Notes:
"Known as both Blaincroft and Maple Hall, was built circa 1887 on a lot originally owned by beverage merchant Dugald Brown. It is situated in the historic precinct encompassing Bethune Memorial House (#16), just over the fence, and Finch House (#14) across the street. It is a one and a half storey Victorian cottage of restrained Gothic Revival style. Entrepreneur David LaFranier paid $1,100 for the property in 1896 after his hotel Fraser House was destroyed in the Great Fire of 1887. In 1912, J.J. McNabb, an accountant for the Mickle Dyment Lumber Company, acquired the residence. Frederick Freeman, a barber who had fought with the Canadian Expeditionary Force in World War I, bought the property in 1939 and renamed it Maple Hall. This coincided with his appointment as postmaster of Gravenhurst, a position he held until 1962. It remained in the Freeman family until 1991 when it was bought by Andrew Griffith who with his wife operated it as a Bed and Breakfast. LaFranier House continues to operate as such under owners Marsha and Bryan Blain, who acquired it in 2002."

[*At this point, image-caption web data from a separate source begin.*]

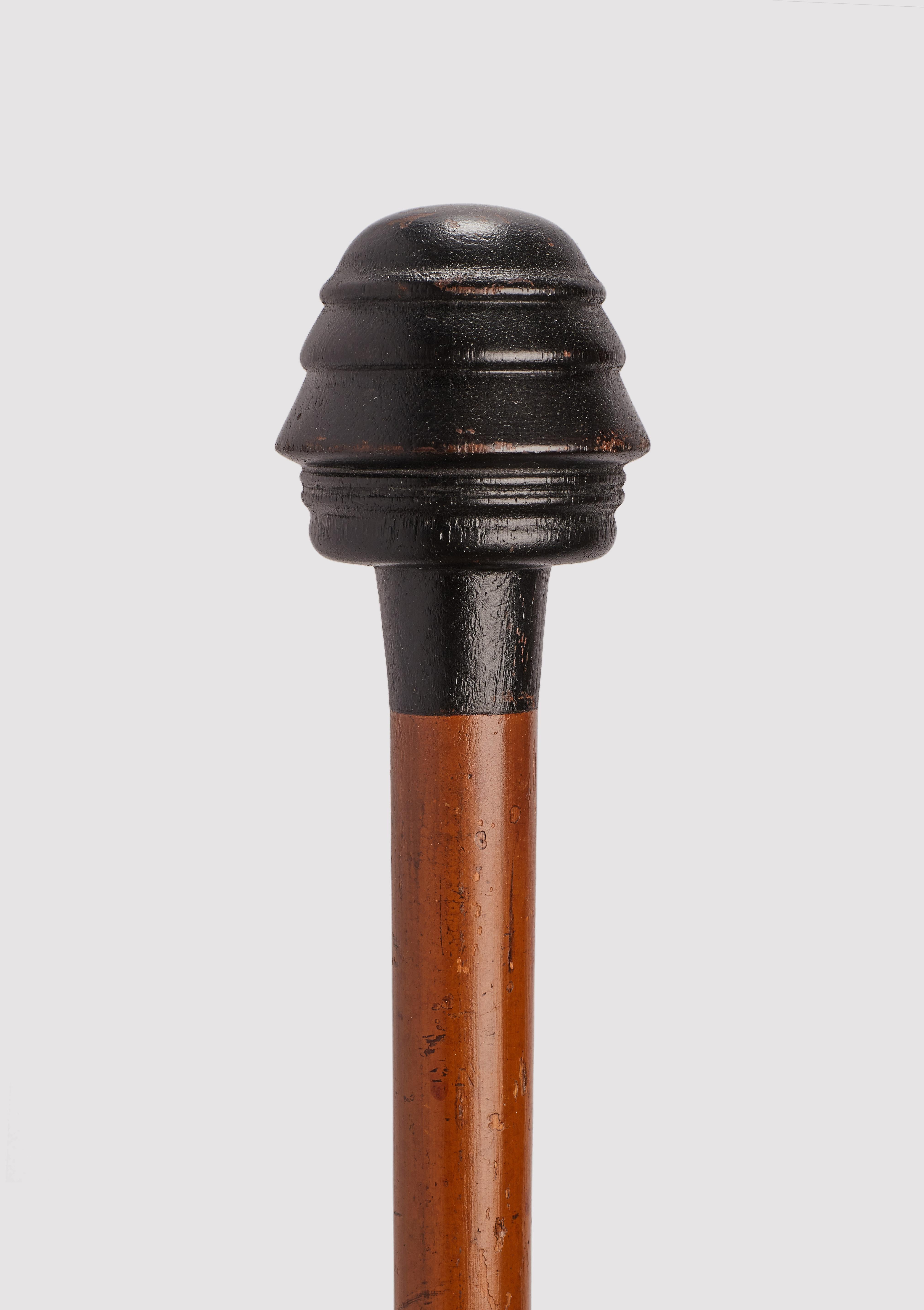 Gadget-System walking stick: shadow gadget cane with Napoleon profile on its ebonized wood handle. Malacca wood shaft. Iron ferrule. France 1870 circa.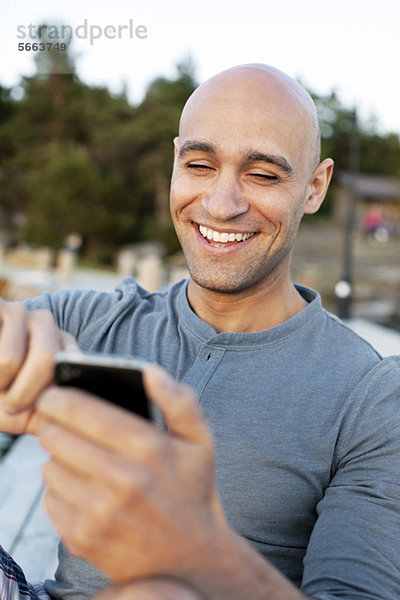 Mann lächelt  während Textnachrichten auf dem Handy gesendet werden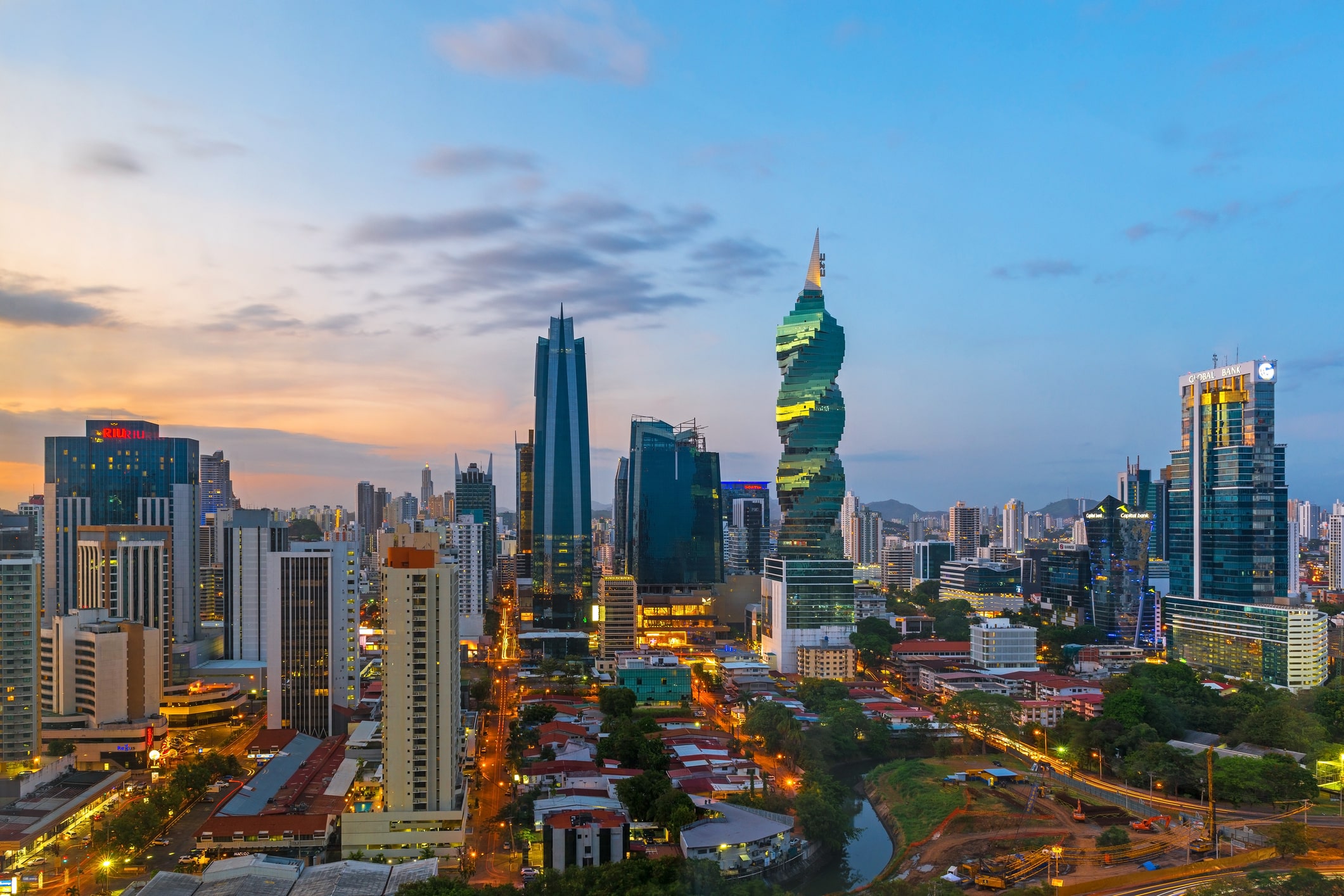 A city skyline at dusk with modern high-rise buildings, including a spiraled green tower, illuminated streets, and a river or canal cutting through a residential area in the foreground.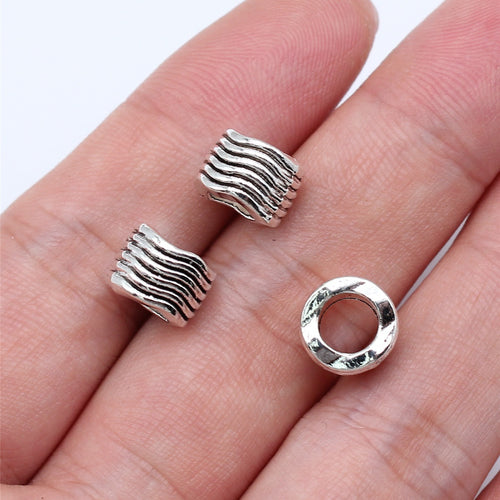 Close view of rippled barrel large-hole spacer bead in antique silver tone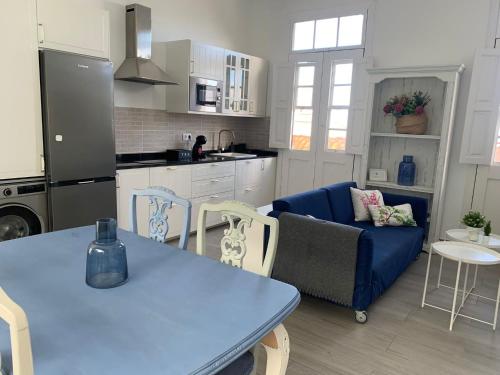 eine Küche und ein Wohnzimmer mit einem blauen Tisch und Stühlen in der Unterkunft Meriga in Agulo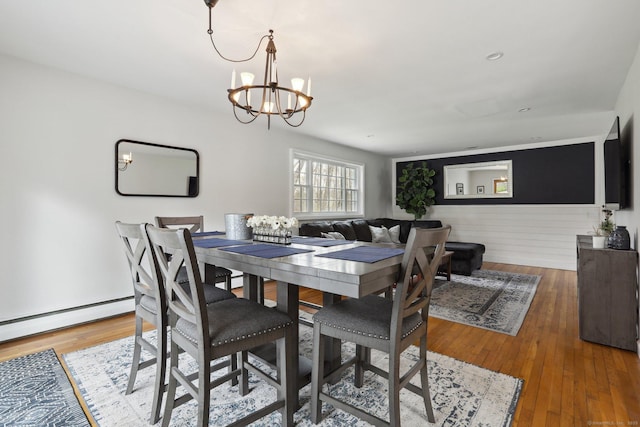 42 Stonecrop Rd, Norwalk, CT 06851 - dining room featuring a baseboard radiator, wood finished floors, and an inviting chandelier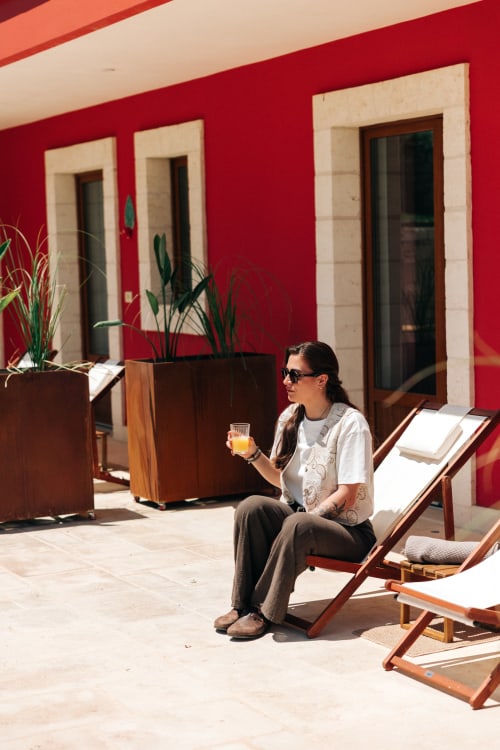Woman enjoying orange juice on lounge chair at Tenuta Fascianello's sunny garden patio with red walls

Blaincroft bed and breakfast is a two storey, rectangular construction with a steep pitch Dutch hip roof; steep center gables on the east, west, and south elevations; clapboard
siding; verandah spaning the south and west elevations; and a single door entrance on the south elevation offset to the west side with a transom and sidelights. There is a
flat-headed window underneath each centre gable on the second storey and paired flat-headed windows to the right of the main entrance on the first storey. There is a one storey garage addtion to the south end of the east elevation with a hip roof, board and batten siding, a garage door to the west side of the south elevation, and a single-door entrance to the east side of the south elevation.